Sur 2.200 électeurs de droit, 479 seulement se présentèrent aux urnes. Legrelle était notoirement le candidat des Belges de tendance cléricale. Tous les élus représentaient en outre la fraction modérée et pacifique de la bourgeoisie et ils étaient choisis plutôt en raison de leur compétence et de leur réputation bien établie qu'en raison de leur patriotisme ou du rôle joué par eux lors de la Révolution. Dans le choix du bourgmestre, l'orangisme pesa encore plus fortement : différents conseillers orangistes furent élus au nouveau Conseil communal et voulurent le retour de l'ancien bourgmestre Floris van Ertborn. Mais van Ertbom refusa et faute de s'être organisés, ils ne réussirent pas à présenter un nouveau candidat,.si bien que la chance s'offrit à Legrelle.
L'état de crise à Anvers n'empêcha pas Legrelle de prendre une part active à la tâche législative du Congrès national. Il siégea dans trois commissions où ses connaissances des affaires financières lui permettaient d'apporter une contribution efficiente. Ces commissions traitaient de mesures concernant les impôts, le budget et la réinstallation de la Cour des Comptes. D'ailleurs Legrelle émettait amplement son avis autorisé lors de la plupart des discussions relatives à des affaires économiques. Ses interventions au cours des débats concernant la législation fondamentale reflétaient la fermeté de ses convictions religieuses, sa conception du rôle de l'Eglise dans la société et son profond attachement à l'amour d'autrui. Il était un orateur qui plus d'une fois provoqua des réactions houleuses.
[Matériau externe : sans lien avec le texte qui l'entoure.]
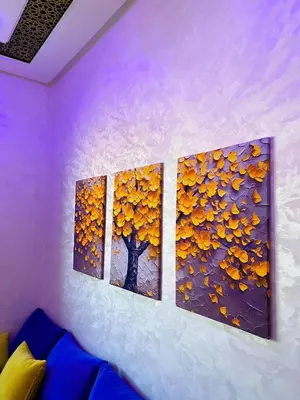 three paintings of a tree on a wall at Appartement Calme (1) in Fès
La charge de bourgmestre était tout sauf une sinécure pendant les premières années de notre indépendance. La ville fut en état de siège jusqu'au cœur de l'année 1831, après quoi des troubles éclatèrent encore à plusieurs reprises. Mertens et Torfs dans leur Geschiedenis van Antwerpen ont rendu hommage au zèle infatigable manifesté par le bourgmestre Gérard Legrelle et les autres membres du Conseil communal en ces circonstances difficiles. Legrelle réussit particulièrement bien dans la création de brigades de travailleurs pour combattre les incendies causés par les bombardements et pour réprimer la rébellion. On prétend aussi que pendant la campagne des Dix jours, Legrelle personnellement persuada le général Tabor d'épargner la ville. Il se distingua aussi par son efficacité lors du déclenchement de l'épidémie de choléra qui toucha Anvers en 1832 et lorsqu'une mutinerie fut sur le point d'éclater à la suite du chômage causé par la fermeture de l'Escaut. Il s'efforça d'apaiser la tension en lançant un programme de distribution du travail.
D'autre part, lorsqu'un peu plus tard de nouveaux troubles sérieux se produisirent à l'occasion de la fondation de l'association orangiste, « La Société de la Loyauté », Legrelle n'estima pas devoir passer lui-même à la répression. Il s'éloigna et, en son absence, le Conseil communal décida de suspendre par voie d'autorité ladite association pour éviter une plus grande sédition. Cette infraction au droit d'association provoqua une tempête de protestations dans la presse. Il était clair qu'en 1833, le parti de Legrelle, les cléricaux belges, avait acquis la majorité au Conseil communal d'Anvers.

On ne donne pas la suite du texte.